(Web page caption snippets)
'''
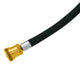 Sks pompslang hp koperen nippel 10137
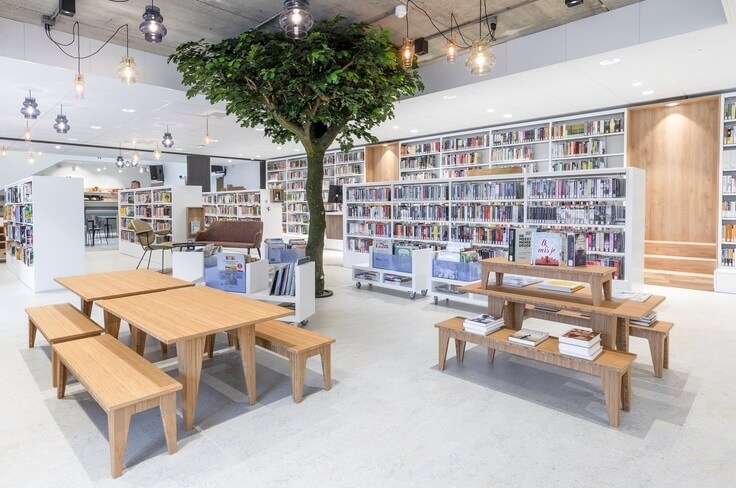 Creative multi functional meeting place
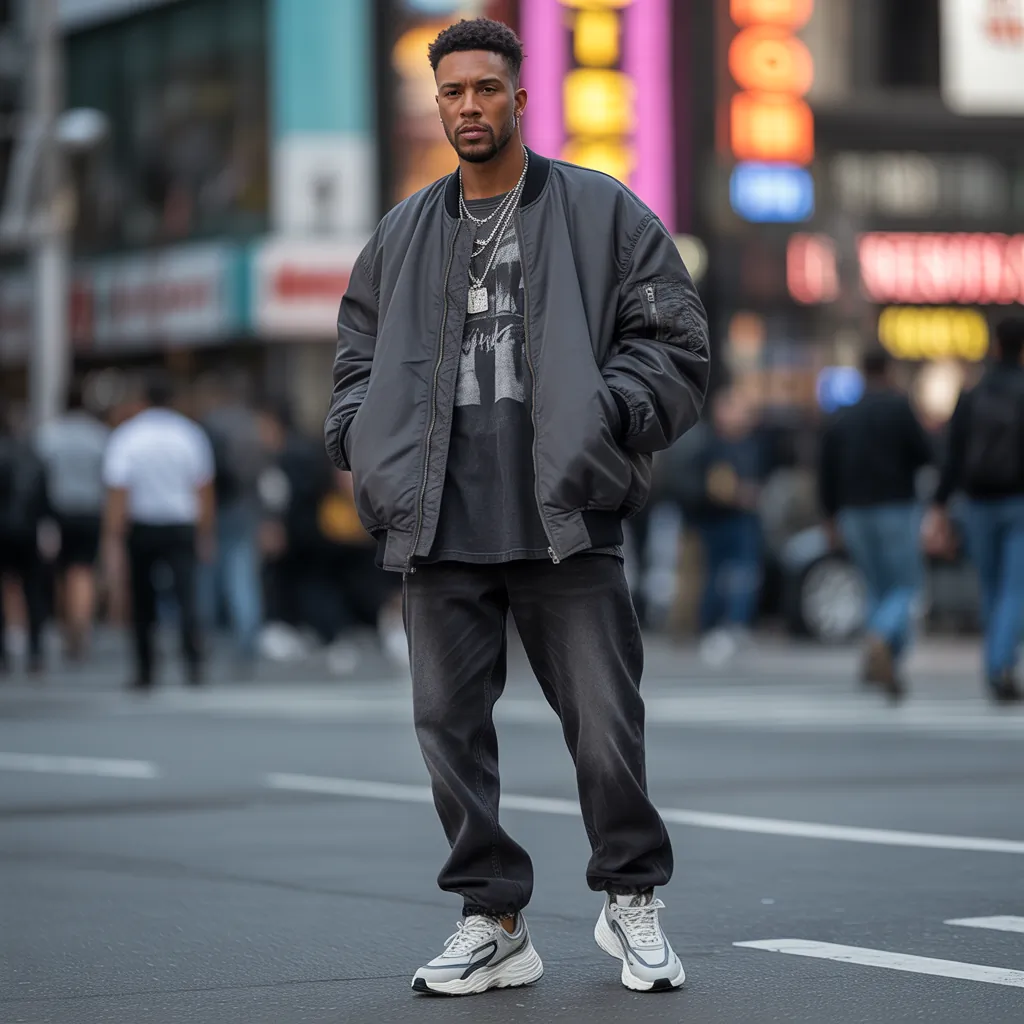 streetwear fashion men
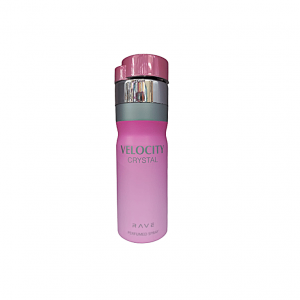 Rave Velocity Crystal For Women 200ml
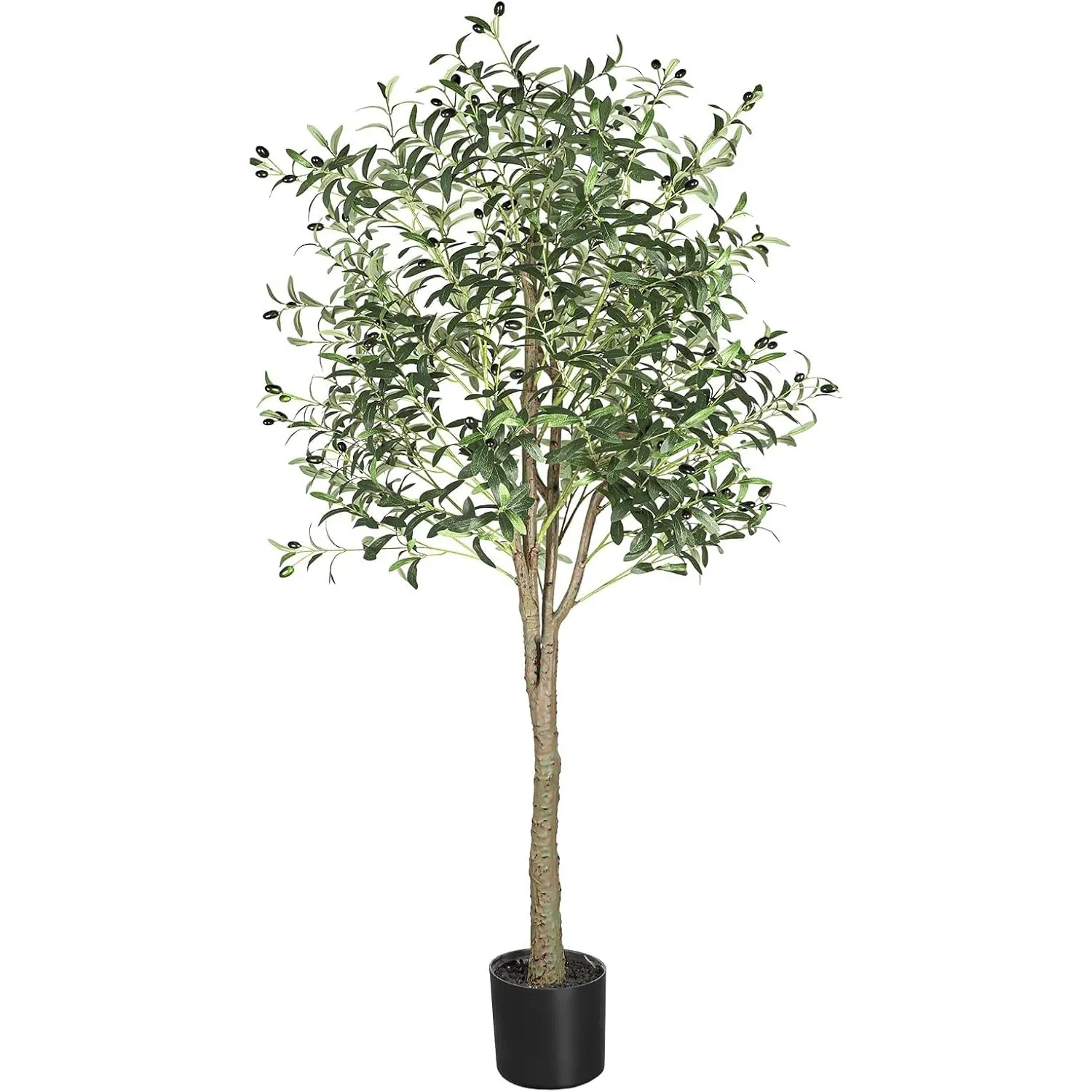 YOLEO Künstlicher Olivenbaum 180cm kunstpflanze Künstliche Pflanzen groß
'''
WHAT YOU SHOULD DO:
The answer consists of the lines from the one holding "Creative multi functional meeting place" to the end of the records, inclusive, restated exactly and without pictures.

ANSWER SECTION:
 Creative multi functional meeting place
 streetwear fashion men
 Rave Velocity Crystal For Women 200ml
 YOLEO Künstlicher Olivenbaum 180cm kunstpflanze Künstliche Pflanzen groß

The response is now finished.